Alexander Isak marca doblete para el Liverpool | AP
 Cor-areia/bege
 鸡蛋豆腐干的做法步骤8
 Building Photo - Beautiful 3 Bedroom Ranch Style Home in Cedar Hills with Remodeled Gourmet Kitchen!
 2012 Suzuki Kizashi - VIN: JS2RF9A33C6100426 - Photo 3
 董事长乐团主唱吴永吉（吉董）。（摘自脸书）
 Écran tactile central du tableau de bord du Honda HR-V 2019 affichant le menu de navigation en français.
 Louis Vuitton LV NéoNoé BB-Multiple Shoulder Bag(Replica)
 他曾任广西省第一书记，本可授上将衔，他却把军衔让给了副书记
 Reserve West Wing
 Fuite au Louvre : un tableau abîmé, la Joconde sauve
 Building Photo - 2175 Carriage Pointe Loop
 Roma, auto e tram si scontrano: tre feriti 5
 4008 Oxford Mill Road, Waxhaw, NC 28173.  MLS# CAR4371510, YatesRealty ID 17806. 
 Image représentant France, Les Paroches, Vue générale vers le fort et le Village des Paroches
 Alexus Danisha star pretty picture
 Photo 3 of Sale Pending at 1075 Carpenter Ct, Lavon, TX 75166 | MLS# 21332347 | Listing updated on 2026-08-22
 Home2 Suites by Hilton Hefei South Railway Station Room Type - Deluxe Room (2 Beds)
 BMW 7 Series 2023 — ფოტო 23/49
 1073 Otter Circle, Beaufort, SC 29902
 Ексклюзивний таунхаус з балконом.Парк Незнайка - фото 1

=====

◆ **Assignment**
Beginning at the line above with "2012 Suzuki Kizashi" and finishing at the line with "Roma, auto e tram si scontrano: tre feriti 5", return each line exactly and return nothing else.

◆ **Solution for this exercise**
 2012 Suzuki Kizashi - VIN: JS2RF9A33C6100426 - Photo 3
 董事长乐团主唱吴永吉（吉董）。（摘自脸书）
 Écran tactile central du tableau de bord du Honda HR-V 2019 affichant le menu de navigation en français.
 Louis Vuitton LV NéoNoé BB-Multiple Shoulder Bag(Replica)
 他曾任广西省第一书记，本可授上将衔，他却把军衔让给了副书记
 Reserve West Wing
 Fuite au Louvre : un tableau abîmé, la Joconde sauve
 Building Photo - 2175 Carriage Pointe Loop
 Roma, auto e tram si scontrano: tre feriti 5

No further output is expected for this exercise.